Naarmate de mens meer in het middelpunt van het leven komt te staan, en de ‘vreze des Heeren’ naar de achtergrond schuift, wint de fascinatie voor de kust het stilaan van de angst voor het gevaar. In het begin van de achttiende eeuw begeven de eerste mensen zich louter voor hun plezier op het strand. In de Noord-Engelse zeestad Scarborough wordt het idee van de moderne badplaats geboren, en worden de eerste omkleedhuisjes op het strand geplaatst. Het flirten en gezien worden kan beginnen, in eerste instantie door de adel.
In 1733 meldt een reisgids dat mensen van adel, klasse en stand toestromen, met de koets uit Londen: graven, baronets, dames en markiezinnen. Terwijl ze eten, drinken en vrolijk zijn, reinigt het zeewater het lichaam, alles voor een goede gezondheid. Acht pinten zeewater per dag per persoon, water dat naar inkt ruikt en zurig smaakt, zal de dokter weghouden. Er wordt gezwommen, geracet met paarden op het strand, en gedanst in de balzalen van de hotels.
De geneeskrachtige werking van het zeewater werd al gepropageerd door de Egyptenaren, de Grieken en de Romeinen. Dat Scarborough de eer toekomt deze gebruiken uit de oudheid nieuw leven in te blazen, heeft alles te maken met de aanwezige geneeskrachtige bron. De overstap van bronwater naar zeewater is snel gemaakt, gestimuleerd door het boek Scarbrough Spaw van dokter Robert Wittie uit 1660. Twintig dagen zeewater drinken, schrijft hij voor, in het bijzonder aan mensen met overgewicht. Alleen betaalbaar voor de rijken.
Een andere stimulans voor de ontwikkeling van de badplaats is de uitvinding van de bathing machine door Benjamin Beale, de badkoets. In 1750 wordt hij voor het eerst gebruikt, een houten cabine op wielen, die door paarden de zee in wordt gereden. Daar kan de badgast, meestal een dame, geheel naakt een trapje afdalen en meerdere keren in het zeewater ondergedompeld worden. De badmeester is het water in gegaan om haar te assisteren, geheel gekleed. Vanaf rotsen en duinen proberen mannen met verrekijkers een glimp op te vangen van het bleke naakte lichaam, geheel conform het heersende schoonheidsideaal onder de elite.
Net als in veel andere vroege badplaatsen mengen de bezoekers van Scarborough zich niet met de gemeenschap, het eenvoudige volk dat bruin geworden is door het werk op en aan de zee. Ze interesseren zich ook niet voor de burcht op de rots, vanwaar nog maar een paar jaar geleden Nederlandse schepen beschoten zijn in de Derde Nederlands-Engelse Zeeoorlog. Een edelman uit het noorden schrijft vanuit Scarborough een brief naar huis.

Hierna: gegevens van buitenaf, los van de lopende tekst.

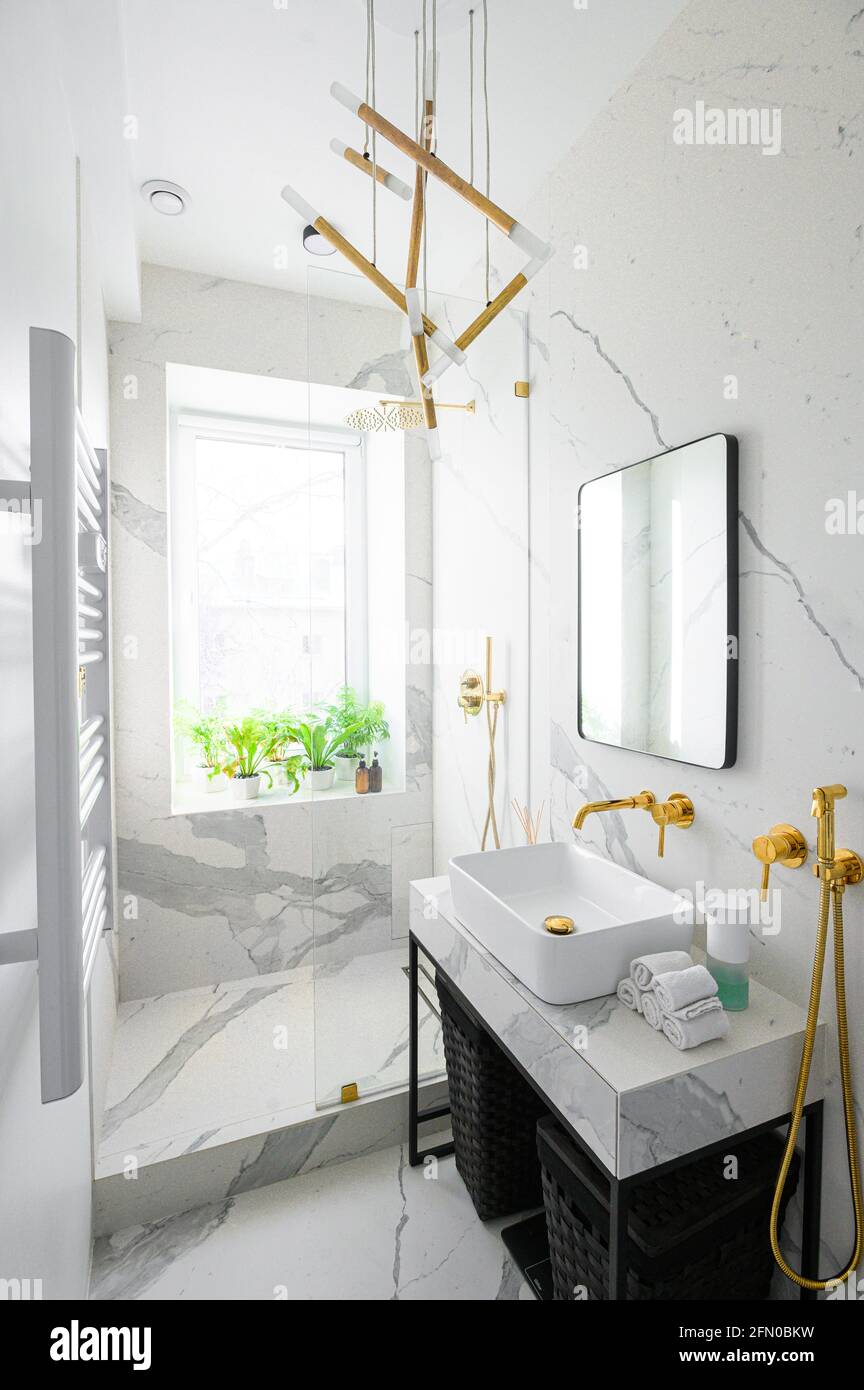 Cuarto de baño de lujo de estilo francés en la casa Fotografía de stock -  Alamy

Ik had gehoopt hier iets te vinden om mijn brief mee onderhoudend te maken, maar ik ben teleurgesteld, want tot nu toe heb ik niets dan vishaken en drogende vis gezien. (…) De straten liggen bezaaid met visafval en kabeljauwkoppen. (…) Ik hoop dat deze brief geen onaangename geur verspreidt, want het lijkt me onmogelijk dat iets deze stad zonder die geur verlaat.

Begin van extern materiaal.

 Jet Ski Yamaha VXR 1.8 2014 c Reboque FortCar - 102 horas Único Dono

De ontwikkeling van de badplaats is een ingrijpende verandering voor het leven aan de kust. Niet langer staat de zee zelf centraal, de haven van waaruit je naar andere plekken kunt reizen. De kust is een verblijfsplaats geworden, een bestemming, die afgebakend en beschermd moet worden tegen de nukken van de zee. Kades en boulevards worden aangelegd, een scherpe grens getrokken tussen de zee en de mens.

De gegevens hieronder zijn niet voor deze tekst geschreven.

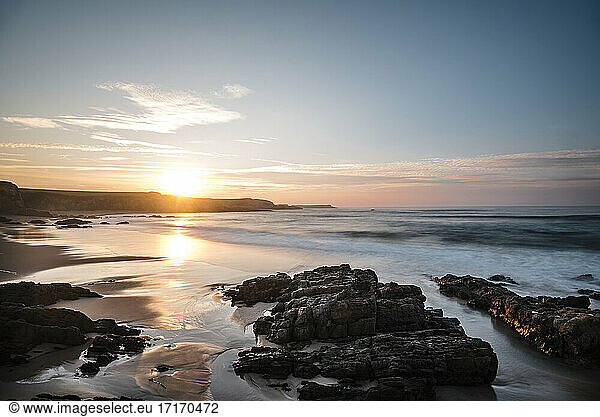 Langzeitbelichtung eines Küstenstrands bei Sonnenuntergang  Asturien  Spanien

Ontwikkelingen Scheveningen
Bij het Hollandse Scheveningen wordt in de zeventiende eeuw al op het strand gewandeld, en snelheid gemaakt. Wiskundige en ingenieur Simon Stevin stelt na de Slag bij Nieuwpoort van 1600 – die op het strand werd uitgevochten – aan stadhouder prins Maurits voor om een strandwagen met een zeil te bouwen. De prins ziet er wel wat in. Stevin bouwt de wagen, de prins betaalt. In februari 1602 maken ze een eerste proefrit; met een snelheid van 50 kilometer per uur razen ze in twee uur van Scheveningen naar Petten, ongekend voor die tijd. De prins zal de zeilwagen sindsdien nog vaak gebruiken voor plezierritten met zijn gasten.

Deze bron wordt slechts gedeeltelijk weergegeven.